Dylan Mattingly
Dylan Mattingly | Credit: Hannah Davidman

One of the interesting aspects of the Los Angeles Philharmonic’s recently announced 2022–2023 season is the orchestra’s continued support of a group of artists that Phil fans may be getting accustomed to. Many of the former Dudamel Conducting Fellows are back on the podium this season, and one of the most famous of them, Mirga Gražinytė-Tyla, is coming with the City of Birmingham Symphony Orchestra, of which she is music director. Composers like Gabriela Ortiz and, of course, John Adams continue their association with the orchestra.

When SFCV asked the orchestra’s humanities director, Julia Ward, about this, she wrote back saying, “The goal is to support artists over the course of their careers, from emerging to mid-career to established. This kind of sustained support is essential to the health of our art form, and it matters to our audiences and musicians as well. By taking a chance on promising young artists and forming relationships over time, the beauty and depth of the musical experiences we are able to offer only grows.”

One of the lucky winners of the orchestra’s patronage is Berkeley-born Dylan Mattingly (b. 1991), a composer who descends from a line of Los Angeles-based musicians and artists that include conductor Leonard Slatkin (who’s a cousin). He has had a couple of works commissioned and played by the Phil, most recently Sunt Lacrimae Rerum (these are the tears of things), performed by the LA Phil New Music Group on Sept. 19, 2021. His six-hour opera/ballet/concert work Stranger Love premieres on May 20, 2023, on the orchestra’s Green Umbrella series, with the composer’s new-music group, Contemporaneous, playing the instrumental parts and Obie Award-winner Lileana Blain-Cruz directing. With a libretto by Thomas Bartscherer, it’s a departure for Mattingly in one way, but it’s a continuation, in another way, of a seed idea that informs his desire to communicate.

Contemporaneous
Contemporaneous | Credit: Bruce Kung

Stranger Love is more of an ecstatic experience than an opera,” he says. It’s not really story but about world-building or communal experience. It’s about the love of being alive, the joy of communicating through art.

I’m constantly overwhelmed by how much I love everything, but to some degree the massive superabundance of experience is around at all times, and it feels like I just want to take moments of that and allow people to focus on those things that they really love. And we have so much opportunity in our lives to consider thoughtfully all of the problems in this world that are very real and very present and at the same time there’s very little space that is provided, in a communal way, for us to remember and revel in the things that we love about being alive. And so, what Stranger Love tries to do is to give you that experience, not just the images but, in the music, like going from the I chord to the IV chord and back, things that are just deeply ingrained as our favorite things, and create ways to experience them new. To put people in a place that is filled with the things that they love the most.”
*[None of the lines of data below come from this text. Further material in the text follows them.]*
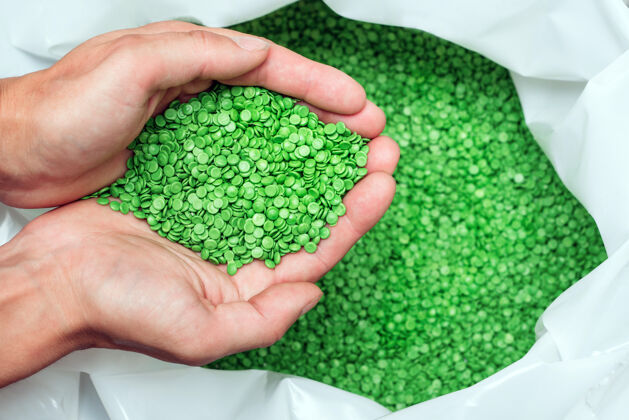 聚乙烯一只手握住或触摸可生物降解塑料颗粒 塑料聚合物染色颗粒颜色清澈绿色颗粒彩色颗粒
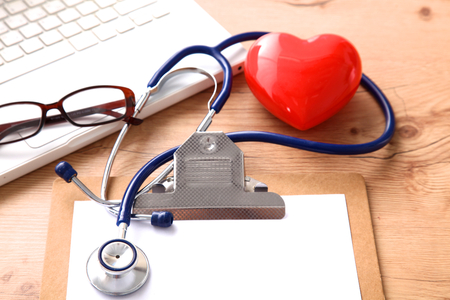 Stethoscope on laptop keyboard. Concept 3D image.の写真素材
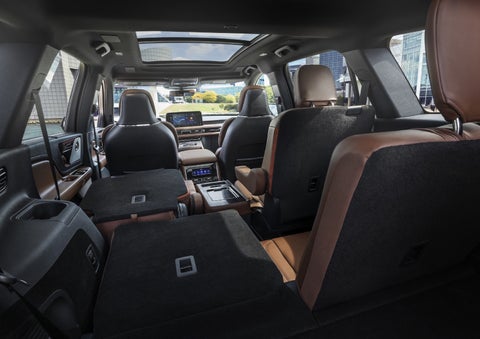 One side of the PowerFold® third-row seat and a second-row seat are folded forward in the 2026 Lincoln Aviator® SUV. | Gates Lincoln in Richmond KY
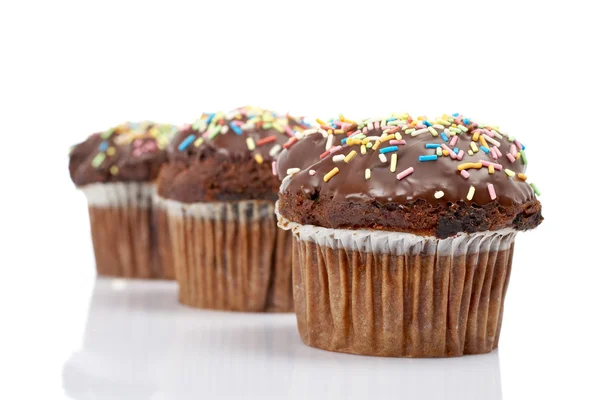 Drie smakelijke muffin met chocolade — Stockfoto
That’s not so different from Sunt Lacrimae Rerum, which the composer describes asmusic for dancing, the barbaric yawp, a scream of joy.” It’s the same barbaric yawp that he hopes to bring to his spring equinox community performance of Terry Riley’s In C.

 

Dylan Mattingly
Dylan Mattingly

Stranger Love essentially takes up humanity’s relationship to time, beginning with an operatic story of a couple’s relationship through four seasons. This is a close-up timeline — that takes four hours. Then, says Mattingly, the second act moves through the seasons again, but at a higher level of abstraction. “There are six dancers, who move inexorably slowly toward each other over the course of the hour-and-a-half. And they meet in different outcomes. One pair meet in a kiss or an embrace, one pair collides, and the third pair passes by each other. The half-hour third act zooms out even further: There are no more people on stage at all except the musicians, and it’s just music and light. And the music is pure joy; it’s the velocity of universal expansion and what you see are little lights scattered around the space like stars that move slowly away from each other. So it creates depth, as though you’re traveling into it and the music is that velocity.”

It took a leap for Mattingly to reimagine his career as the producer of almost impossible-to-realize artistic acts. “I started working on Stranger Love 10 years ago; just about 33 percent of the days I’ve spent on this planet, by the time it premieres. When I was six years old, I knew I wanted to be a composer, and to some degree, I’ve been following this path that’s laid out for composers, where you get commissions, usually for five -to-10-minute pieces, and that’s great. But I realized, about 10 years ago, that the things I really wanted to create with my life, and that I felt I had the capacity to do, were things that would never ever be commissioned.”

It’s no put-down to say that Mattingly has lived a privileged life, but his leap of faith is still impressive, as is the LA Phil’s in deciding to present the premiere of this decidedly off-the-beaten-path music theater piece. The Phil likes to take big swings, and Mattingly has ambition to burn. It’s a match.

NB: The original version of this article reported that Mattingly was living in New York, when he actually lives in Berkeley. We regret the error.